--- DATA EXCERPTS Enclosed Below ---
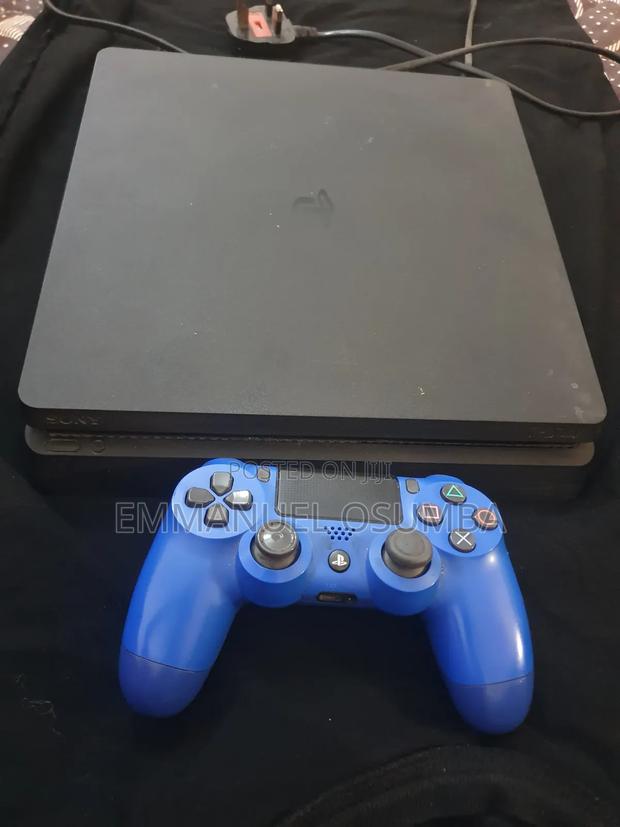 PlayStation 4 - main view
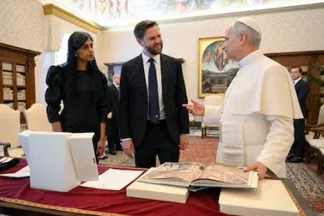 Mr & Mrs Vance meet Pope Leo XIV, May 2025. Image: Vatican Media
--- End of Enclosed DATA EXCERPTS ---
--- DATA EXCERPTS Enclosed Below ---
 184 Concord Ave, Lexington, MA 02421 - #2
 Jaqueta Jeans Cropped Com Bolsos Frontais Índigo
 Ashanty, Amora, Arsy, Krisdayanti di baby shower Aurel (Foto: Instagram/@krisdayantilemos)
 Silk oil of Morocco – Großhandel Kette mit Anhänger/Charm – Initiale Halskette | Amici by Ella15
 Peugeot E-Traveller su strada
--- End of Enclosed DATA EXCERPTS ---
TASK GOAL
Please reproduce the lines from the line with "Ashanty, Amora, Arsy, Krisdayanti" to the line with "Peugeot E-Traveller su strada", both ends included, exactly as they appear above.

EXERCISE OUTPUT
 Ashanty, Amora, Arsy, Krisdayanti di baby shower Aurel (Foto: Instagram/@krisdayantilemos)
 Silk oil of Morocco – Großhandel Kette mit Anhänger/Charm – Initiale Halskette | Amici by Ella15
 Peugeot E-Traveller su strada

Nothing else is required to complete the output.